“Female Half-Nude with Pearl Necklace” (1934) by Hans Hassenteufel (German, 1887-1943)
Hans Hassenteufel was a German painter creating many portraits and female nudes, often using the Orientalist style. He occasionally painted landscape and still-life.
A portrait format image of a semi-nude female, topless with a pearl necklace. It has a deep red plane indistinct backdrop with no defining features to suggest the space. One hand holds the necklace between the fingers at the centre of the chest just below the breasts.
Her other arm is held up with the lower arm cradling the head at the back. She rests against some exotic shiny material and on her head is set an oriental-looking headpiece covering the head with exposed long flowing black hair. Her breasts are exposed. She has a plain face with red lips and she looks directly out toward the viewer. The pose has an eroticised ‘come-hither’ look as she openly displays her pert full breasts. Her uplifted arm emphasises the eroticism and sense of bodily display. She teasingly holds the snaking long pearl necklace between the breasts and the length of the necklace loops down around the body and neck encircling and emphasising the displayed breasts.
Is she a courtesan or a slave girl, enticing a potential buyer?
Orientalism was a very popular theme in painting usually with an emphasis on the luxurious life and fixation on the rather fanciful notions of the customs and exotic life in the palaces and harems from the Middle East which were usually closed off and forbidden to Western eyes. This fuelled an exotic and erotic fascination, particularly with a dualism of sexual fantasy and titillation and the moral horrors of the slave trade. There was a recurring theme of women in the harem squarely focused on the uncompromised Male Gaze demeaning women.
Although this was a specialism art genre from 19th-century academic art it was very popular in its period and remains so still as a curiosity for the breath-taking detail, realism and technical virtuosity of the paintwork.
This painting falls a little short of such deft paintwork and if I dare to say, it has some appeal with its paint handling and composition although I do find the darker tones of the visible hand a little jarring with the more natural paler skin.
Of course, with today’s rightful sensitivities to moral issues, feminism and developing female equality I find the subject matter somewhat distasteful and demeaning towards women and men.

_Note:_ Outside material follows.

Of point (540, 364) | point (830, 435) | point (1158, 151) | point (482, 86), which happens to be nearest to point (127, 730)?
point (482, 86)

However, it is a genre of art history and as such should not be censored from view, hidden away and condemned. History is a fact and we should learn from it and develop our thinking for the present and future. Human engagement and sexuality are confusing and certainly complex but it is a reality and as such, no subject however complex or difficult should be banned or forbidden. Artists often have unique, inciteful views and understanding of the morals and complexities of life.